O Relojão
  Na segunda-feira, um susto: o Relojão do alto da Papelaria Central (que o herdou, há muito tempo, do Banco da América) estava parado. É o Big Ben desta pequena Londres. Em outra oportunidde, o responsável pelo relógio, o senhor Urias da Papelaria, disse que havia problemas. O mecanismo era antigo, reparos sempre foram complicados. Mas ele conseguia. E conseguiu de novo. Na terça-feira, o relógio estava lá, mostrando as horas para Londrina.
  Entretanto, as dificuldades continuam. O senhor Urias tem despesas para manter o relógio. E dizer que a presença dele representa publicidade é certo, mas nem tanto.
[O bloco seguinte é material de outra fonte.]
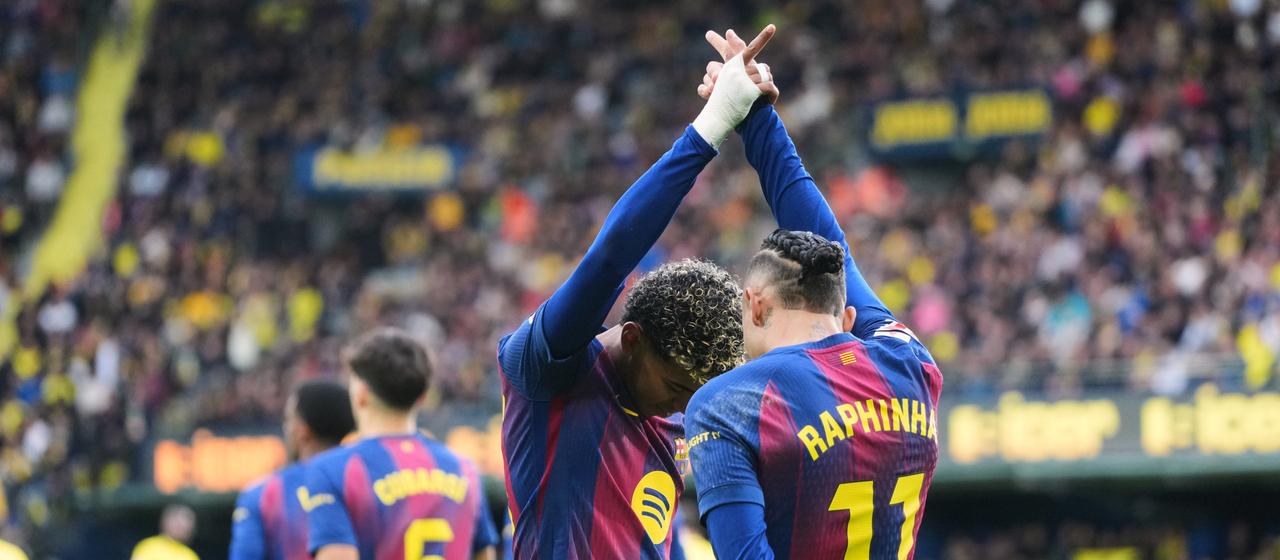 The professional soccer players Lamine Yamal (l.) and Rapphina celebrate a goal by FC Barcelona at Villarreal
Ademais, não há porque uma pessoa só arcar com uma despesa que resulta um benefício para a populaçao.
  Seria oportuno que Londrina, especialmente por seus poderes constítuidos e, quem sabe, até por algum tipo de ONG, aprofundasse o assunto, procurasse o senhor Urias, assumisse um pouco mais da despesa e da manutenção do Relojão. É nosso e deve continuar dando as horas a Londrina, ainda mais neste ano do seu 70º aniversário.
Correção
  No ‘‘Gente que faz’’, publicado ontem, o nome do personagem saiu com erro. O certo é Alexandre Rocha Filho.
Retificação histórica
  Com apenas 70 anos, Londrina já tem erros em sua História. É, até certo ponto, normal. Os historiadores dizem que muitos fatos são escritos por pessoas interessadas. Viu-se ao longo da História personagens que contaram o que lhes interessava.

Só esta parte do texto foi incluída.